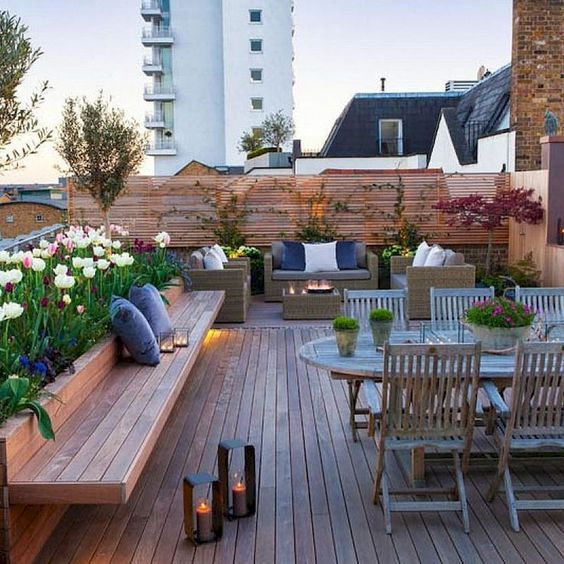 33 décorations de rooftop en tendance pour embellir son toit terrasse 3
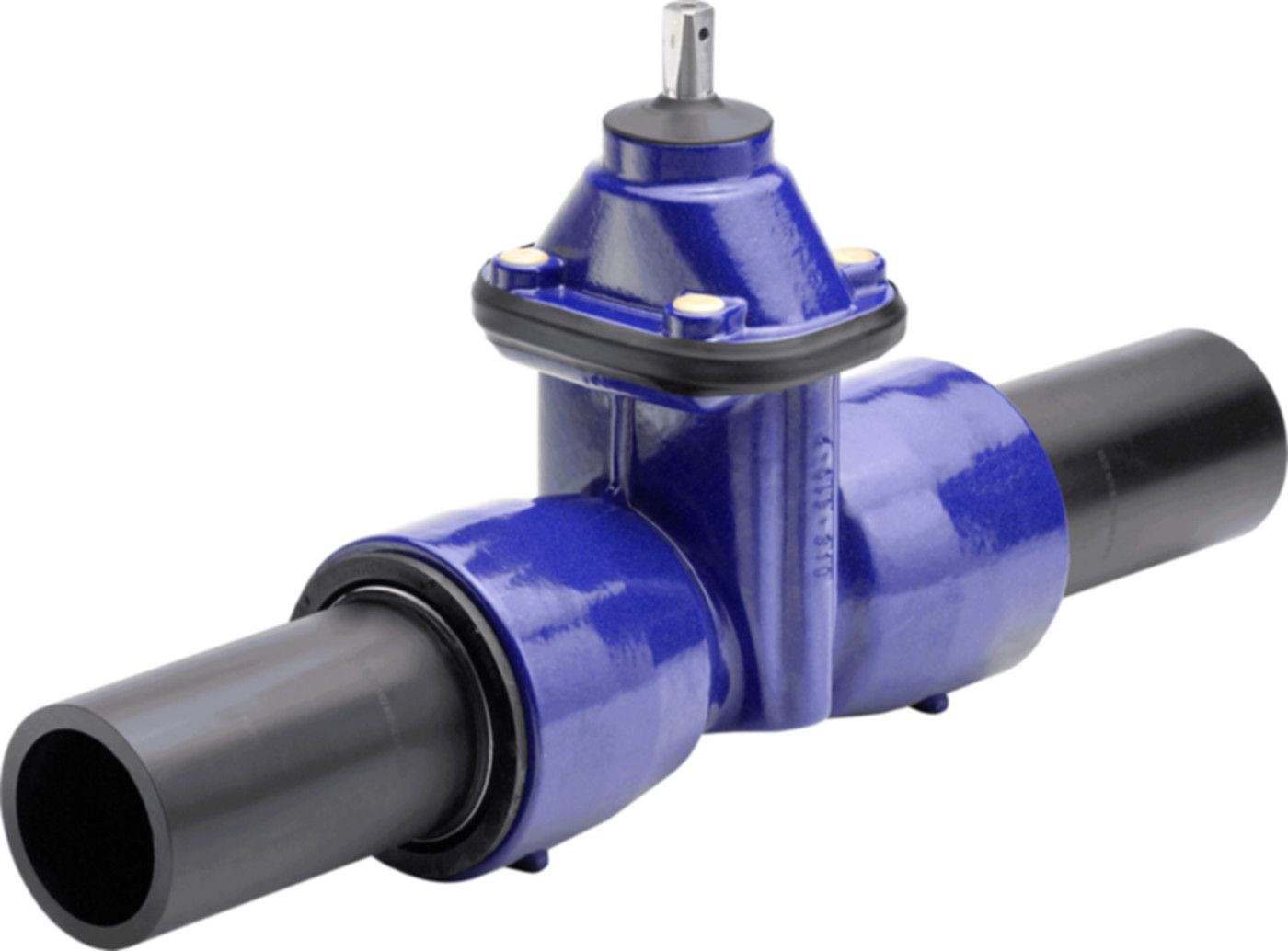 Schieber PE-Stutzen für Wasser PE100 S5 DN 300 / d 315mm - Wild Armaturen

----

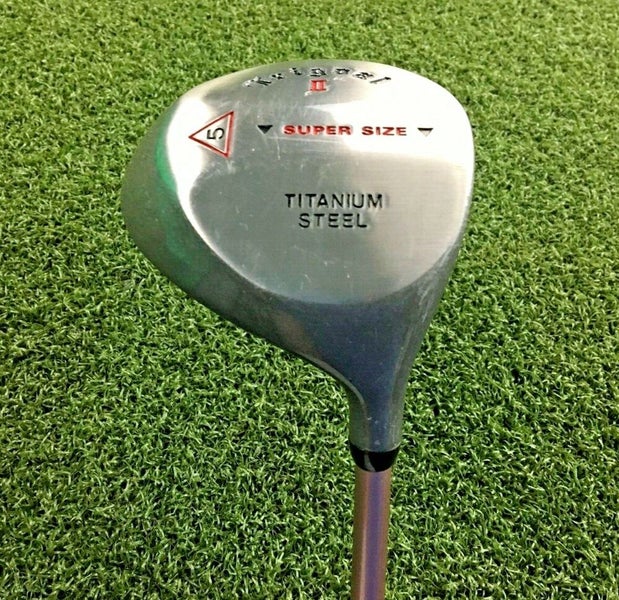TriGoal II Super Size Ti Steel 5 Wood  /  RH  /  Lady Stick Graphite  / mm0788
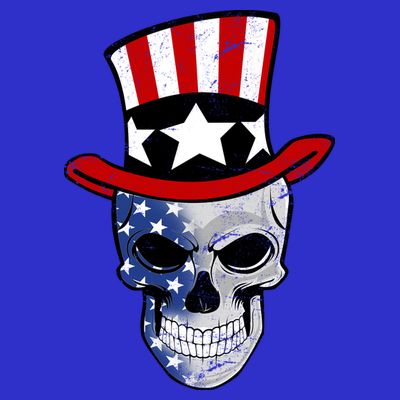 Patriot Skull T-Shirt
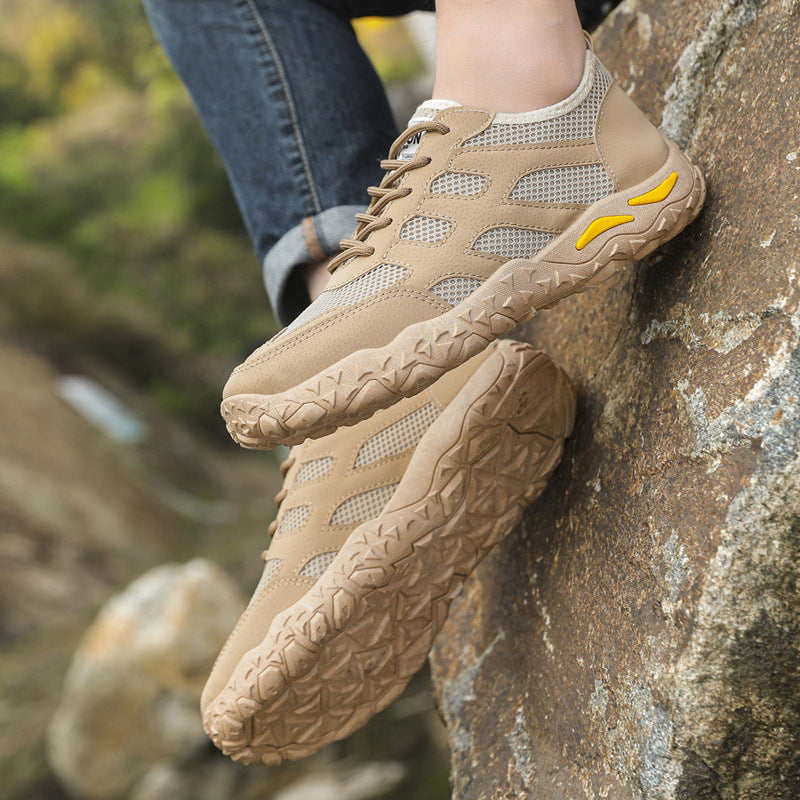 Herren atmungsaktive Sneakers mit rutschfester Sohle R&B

----

From the records above, copy exactly the stretch from the line holding "Patriot Skull T-Shirt" through the line holding "Herren atmungsaktive Sneakers", both ends included, without the pictures.

 Patriot Skull T-Shirt
 Herren atmungsaktive Sneakers mit rutschfester Sohle R&B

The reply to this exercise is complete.